(dissenting):
I respectfully dissent. In the circumstances of this case the district court exercised sound discretion in abstaining, and I would thus affirm.
The majority rests its decision on the clarity of state law. Finding the Louisiana law in question to be relatively clear, it holds that abstention is improper. I agree that the state law is settled, but we do not stop there; we must go on to ask whether a conflict then exists between state and federal law.
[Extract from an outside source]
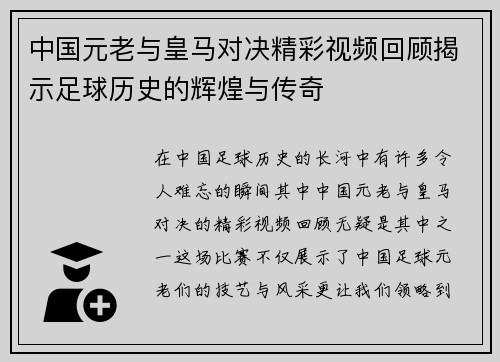 中国元老与皇马对决精彩视频回顾揭示足球历史的辉煌与传奇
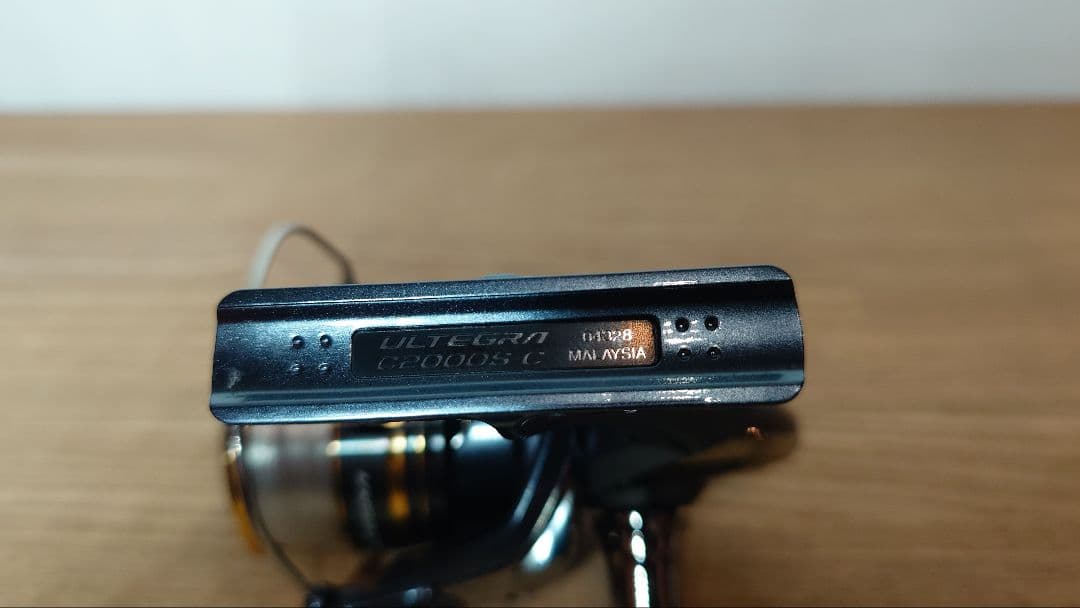 シマノ　21アルテグラC2000S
As the majority points out, the Louisiana statute, LSA — R.S. 23:1601, denies unemployment compensation benefits to those unemployed due to a labor dispute in active progress. The referee found in this case that the company shut down the plant because of “breaks in production and fear of possible further damage to equipment and injury to workers.” Noting that the employer testified at the hearing that there was no lockout, the referee found that the unemployment was due not to a labor dispute, but to a “layoff when the employer decided to close the plant.” Johns-Manville asserts, perhaps correctly, that the referee and subsequently the Board of Review simply refuse to recognize what is obviously a lockout, and that this refusal undermines federal labor law. Johns-Manville claims that the state administrative agency has not followed the law of its own state. Accepting Johns-Manville’s characterization of the facts, the majority and I agree that the agency has not followed Louisiana law. Our disagreement centers on the proper respective roles of the federal and state courts.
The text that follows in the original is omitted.